Thanks to the work of Drake University Law School students, one man’s life sentence was recently commuted to 30 years by President Barack Obama.
As part of the Law School’s Federal Criminal Law course last spring, students drafted an application for commutation for Myron Dejuan Orr, who in November 2009 received a mandatory life sentence without parole for a nonviolent drug offense.
According to Angela Campbell, co-founder of Dickey & Campbell Law Firm P.L.C. and adjunct professor at Drake Law School who taught the course, Orr would not have received a life sentence had he been sentenced today under new U.S. Department of Justice guidelines.
After learning that Orr did not meet the criteria to be helped by the Clemency Project 2014—a group of lawyers and advocates who provide pro bono assistance to complete clemency petitions—Campbell decided to take on Orr’s application as part of her course.
“I thought Mr. Orr was deserving to have an application filed for him, given his life sentence and relatively low-level offense,” Campbell said. “Without the class doing the application, Mr. Orr would not have had the assistance of counsel.”
After receiving Orr’s permission, Campbell assigned students to work on the project. The students went over his file and communicated with Orr via telephone to gather details about his upbringing, his arrest, and his trial experience.
“We looked at the crime and Mr. Orr’s criminal history, and then calculated what his sentence would be today according to current federal sentencing guidelines,” said Kate Hurley, a second-year Drake Law student from Pleasant Hill, Iowa.
Once the students collected the information, they began putting together the application.
According to Jake Oeth, a second-year Drake Law student from Ogden, Iowa, the application included general questions about Orr’s offenses and what life changes he would make if his petition were granted. The students wrote an argument for why he deserved a commutation and requested that Orr receive a reduced sentence more consistent with today’s sentencing standards.
The class sent the application to Orr to approve, then submitted it to the U.S. Department of Justice in April 2016.
“Professor Campbell was ultimately responsible for the application, but we got the hands-on experience of obtaining the information and figuring out how to make the best argument on behalf of Mr. Orr,” Oeth said.
On Jan. 17, Obama released a list of commutations as part of his power of executive clemency, including one for Orr. The commutation dropped Orr’s sentence to 360 months, conditioned upon enrollment in residential drug treatment.

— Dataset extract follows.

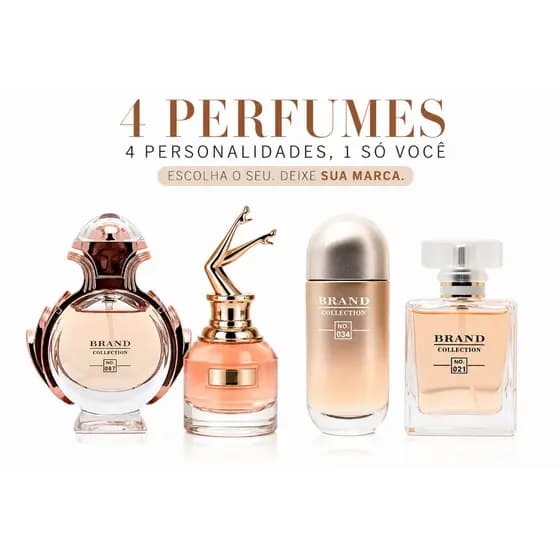 Perfume Feminino Brand Collection 25ml Varias fragrancias Perfume feminino Inspiraçao importados Alta Fixaçao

Campbell informed the students of the news and spoke with Orr, who asked her to relay his “great appreciation” to the class.
“It was a great feeling to learn that we received a good outcome for Mr. Orr,” Hurley said. “It was a very rewarding experience, and I’m thankful to Professor Campbell for the opportunity.”
Oeth says the process helped students better understand sentencing guidelines and procedures at the federal level.
“It really put a human face on sentencing reform issues,” Oeth said of his experience working on the application. “We talk about the criminal justice system in a broad sense in law school, but it was really informative to see the personal impact that the system can have on an individual.”